Who Is the LORD? | Exodus 5

As last, here in the fifth chapter of Exodus, we find the first confrontation between Moses and Pharaoh. Through all of his faults and fears, Moses returned to Egypt with his brother Aaron and told the elders of Israel all that God had spoken to him. In response, they believed what Moses had said and worshiped the LORD. Now, with the support of his people behind him, the prophet of God is ready to speak directly to the king of Egypt.

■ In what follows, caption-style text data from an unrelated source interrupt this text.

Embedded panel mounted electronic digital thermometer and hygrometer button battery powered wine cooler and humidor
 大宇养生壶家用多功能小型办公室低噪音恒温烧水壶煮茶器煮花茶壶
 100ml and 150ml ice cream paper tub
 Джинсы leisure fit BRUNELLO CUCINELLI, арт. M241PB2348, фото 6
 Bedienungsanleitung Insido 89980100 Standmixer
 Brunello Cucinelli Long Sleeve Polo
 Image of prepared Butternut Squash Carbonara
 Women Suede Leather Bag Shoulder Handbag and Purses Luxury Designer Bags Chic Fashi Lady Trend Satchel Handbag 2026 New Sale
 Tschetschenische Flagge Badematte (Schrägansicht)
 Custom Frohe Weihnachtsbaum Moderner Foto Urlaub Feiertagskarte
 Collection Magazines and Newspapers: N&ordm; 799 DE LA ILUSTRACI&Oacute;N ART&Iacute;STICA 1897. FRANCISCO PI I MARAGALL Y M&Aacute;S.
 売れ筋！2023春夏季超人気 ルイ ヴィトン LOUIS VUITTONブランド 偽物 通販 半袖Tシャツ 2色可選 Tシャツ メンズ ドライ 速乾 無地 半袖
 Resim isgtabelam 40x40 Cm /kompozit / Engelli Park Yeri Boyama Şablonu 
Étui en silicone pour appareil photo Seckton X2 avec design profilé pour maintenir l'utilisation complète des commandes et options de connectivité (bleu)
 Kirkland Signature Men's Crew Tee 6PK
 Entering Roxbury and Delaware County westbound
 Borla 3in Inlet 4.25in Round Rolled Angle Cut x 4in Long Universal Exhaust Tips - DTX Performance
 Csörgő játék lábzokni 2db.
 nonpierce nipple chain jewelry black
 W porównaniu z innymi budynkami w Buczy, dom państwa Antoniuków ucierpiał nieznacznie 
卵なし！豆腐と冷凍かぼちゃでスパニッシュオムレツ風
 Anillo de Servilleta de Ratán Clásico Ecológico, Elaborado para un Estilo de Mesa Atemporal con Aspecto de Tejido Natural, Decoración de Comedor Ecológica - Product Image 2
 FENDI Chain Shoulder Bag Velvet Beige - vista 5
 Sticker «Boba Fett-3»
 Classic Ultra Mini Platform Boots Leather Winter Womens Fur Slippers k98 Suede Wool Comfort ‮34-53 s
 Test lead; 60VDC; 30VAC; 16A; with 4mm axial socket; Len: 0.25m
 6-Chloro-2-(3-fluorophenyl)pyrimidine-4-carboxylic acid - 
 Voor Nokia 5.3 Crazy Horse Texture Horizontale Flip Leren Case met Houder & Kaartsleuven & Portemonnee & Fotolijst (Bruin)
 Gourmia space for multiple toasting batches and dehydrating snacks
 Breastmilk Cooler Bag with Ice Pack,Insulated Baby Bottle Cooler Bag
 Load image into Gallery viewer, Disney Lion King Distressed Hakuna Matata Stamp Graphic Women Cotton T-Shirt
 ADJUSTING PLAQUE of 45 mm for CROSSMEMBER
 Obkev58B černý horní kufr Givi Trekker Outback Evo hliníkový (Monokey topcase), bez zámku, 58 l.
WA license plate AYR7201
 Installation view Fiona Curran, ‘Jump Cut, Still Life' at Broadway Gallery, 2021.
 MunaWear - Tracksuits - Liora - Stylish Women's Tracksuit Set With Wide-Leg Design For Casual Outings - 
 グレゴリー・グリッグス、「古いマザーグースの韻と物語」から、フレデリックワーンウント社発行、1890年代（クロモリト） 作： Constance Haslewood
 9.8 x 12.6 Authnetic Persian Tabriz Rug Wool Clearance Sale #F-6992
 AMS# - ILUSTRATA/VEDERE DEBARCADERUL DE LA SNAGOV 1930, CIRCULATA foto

THUS SAYS THE LORD // VERSES 1-3

Afterward Moses and Aaron went and said to Pharaoh… After receiving the support of the elders of Israel, Moses and Aaron were clearly not interested in wasting time. How exactly they were able to get a standing before the king of Egypt so quickly is not mentioned here, but I would assume that the gravitas of these two messengers of the Most High would have convinced Pharaoh’s servants that their message was an important matter to attend to.

In this initial dialogue with Pharaoh, which we should remember was happening between Aaron and the mouth of Pharaoh while Moses and Pharaoh watched the proceedings and perhaps whispered in the ear of their ‘prophet,’ Moses and Aaron speak twice. Their initial pronouncement is a direct demand, coming from the very mouth of the Great I Am: Thus says the LORD, the God of Israel, “Let my people go, that they may hold a feast to me in the wilderness.” Then after Pharaoh dismisses the words of the Almighty, the prophets speak again: The God of the Hebrews has met with us. Please let us go a three days’ journey into the wilderness that we may sacrifice to the LORD our God, lest he fall upon us with pestilence or with the sword.

Many have noted the shift in tone between their first and second statements, for the first is an authoritative demand from God while the second appears to be a polite request from Moses and Aaron. We should remember, however, that God explicitly commanded Moses to speak the words of their second statement back in 3:18. Therefore, it is not as if Moses and Aaron were cowering down after meeting the initial opposition of Pharaoh. Indeed, as we noted before, the LORD is apparently giving Pharaoh this simple request merely to let the Israelites go a three-days’ journey in order to display the hardness of the king’s heart. It is to reveal that Pharaoh would not even let the Hebrews go temporarily. Thus, it is not as if things would have been any different if the LORD had offered a compromise to Pharaoh.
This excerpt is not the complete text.